Siyasal İslamcı 10 terör örgütü!
Bugün, insanlığın da İslam’ın da en büyük belası siyasal İslamcı ve mezhepçi kanlı ve vahşi terör örgütleridir.
Kuşkusuz ki, inanç ve ibadet özgürlüğü herkes için en temel ve doğal bir haktır.
Ancak kendi saplantılı ideolojilerini inanç ve/veya mezhep maskesiyle dayatan bir anlayış asla kabul edilemez. Çünkü İslam bir barış ve akıl dinidir.
Her türden mezhepçilik, ister Şiicilik, ister Sünnicilik olsun Ortaçağ zihniyeti ve dincilik maskesiyle, bağnazlık ve yobazlık demektir ve reddedilmelidir, karşı çıkılmalıdır.
Son yıllarda dünyanın, insanlığın ve İslam’ın başına bela olan, kanlı ve vahşi terör eylemleriyle masum insanları katleden, dünyada İslamofobinin artarak yayılmasının başlıca sebebi olan, -emperyalizmin maşası- Vahhabi-Sünnici-siyasal İslamcı terör örgütlerine karşı, bugün dünyada ortak mücadele anlayışı ve cephesi oluşturulmaktadır.
Türkiye’yi de hedef alan, sözde dinci, radikal ve bağnaz yobaz çetelerden başlıcaları ve çıktıkları, yuvalandıkları ve/veya barındıkları ülkeler aşağıdaki gibi;
1-El-Kaide (S. Arabistan+Afganistan)
2-Taliban (Afganistan)
3-Eş-Sebab (Somali)
4-Boko Haram (Nijerya)
5-IŞİD (Irak ve Suriye)
6-El-Nusra (Suriye)
7-İhvan (Mısır-Katar)
8-Hamas (Filistin-Katar)
9-Maute (Filipinler)
10-FETÖ (Türkiye)
Elbette siyasal İslamcı terör örgütlerinin sayısı bunlarla sınırlı değil ama en azılı, vahşi, büyük ve yaygın terör saldırılarının failleri bu 10 örgüttür.
Ortak özellikleri, tamamının Muaviye Sünnicisi yani mezhepçisi, Vahhabi Emevi zihniyetli tekfirci, cihatçı ve radikal militanlardan oluşmasıdır.
Şii Haşdi Şabi benzeri siyasal İslamcı örgütlerin eylemleri daha ziyade yerel mezhep savaşlarıyla kendilerini göstermekte olup, dünya çapında Paris’ten, İstanbul Reina’ya, Londra’dan Tahran’a kadar yaygın terör eylemi yapan örgütlerin, neredeyse tamamı rahmetli Prof. Dr. Yaşar Nuri Öztürk’ün tanımlamasıyla "Sünnici-Muaviye Mezhepçisi” siyasal İslamcı yukarıda sıraladığımız çetelerdir.
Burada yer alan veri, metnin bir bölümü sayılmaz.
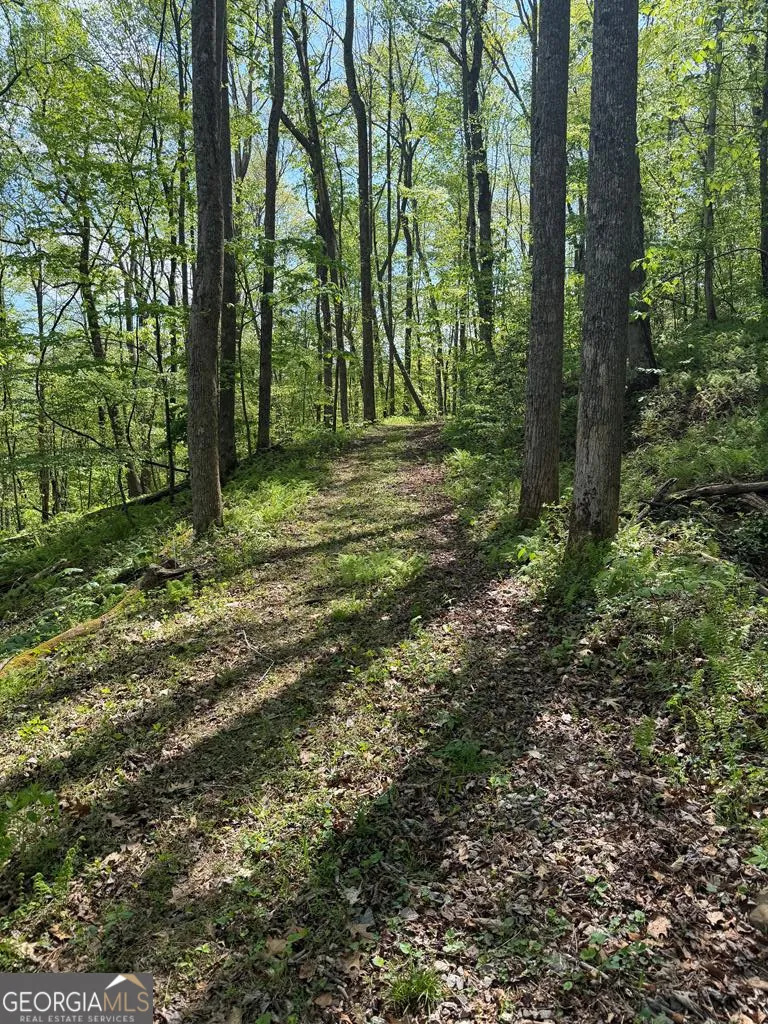 9.8 AC Brown Mountain Suches, GA 30572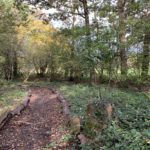 Autumnal photograph of a rough path through woodland, the path is defined by logs laid on the ground on either side.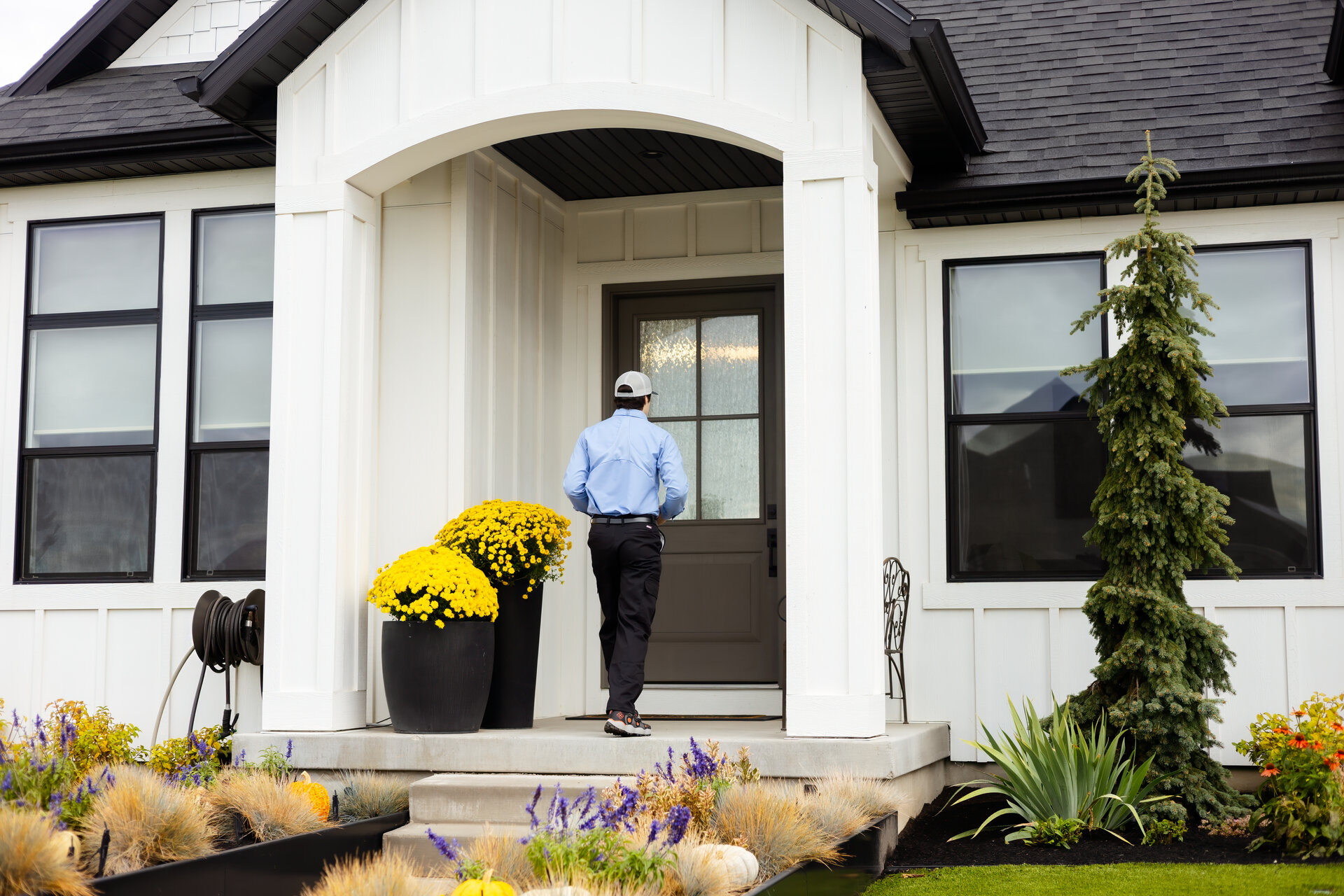 Professional pillbugs control services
Ancak, bu acımasız ve alçakça vahşi katliamları dünya çapında yapan, tekfirci-cihatçı ve mezhepçi örgütlerin barındığı, saklandığı, faaliyet gösterdiği içinden çıktığı Vahhabi Arap ülkeleri bugün birbirlerine girdiler.
Bunların, çıkarları - hırsları mevzubahis olunca gözlerinin ”ümmeti” görmediğini, “ümmetin” birbirine hem de mübarek Ramazan ayında nasıl girdiğini ise, ibretle gördük, görüyoruz. Bunların dinciliğinin de, ümmetçiliğinin de samimiyetsiz ve sahte olduğu aşikâr.
Kimi İhvancıları himaye ediyor, kimi Hamasçıları, kimi Şii düşmanlığı yapıyor, kimi de Sünni düşmanlığı!
Halbuki, çağdaş demokratik hukuk devletleri bugün “laiklik” ilkesine, hangi din veya mezhepten olurlarsa olsunlar sarılmak zorundadırlar.
Aksi, Ortaçağın bataklığında, aynı dinin mensuplarının hatta aynı mezhebe mensup kişilerin bugün olduğu gibi birbirini katlettiği, kanlı-rezil ve kaotik bir çıkmaz yola sürükler İslam dünyasını.
Kıssadan hisse; siyasal İslamcılık, Halifecilik, Yeni Osmancılık ve de Ümmetçilik nafile işlerdir. Kimseye hayrı olmaz.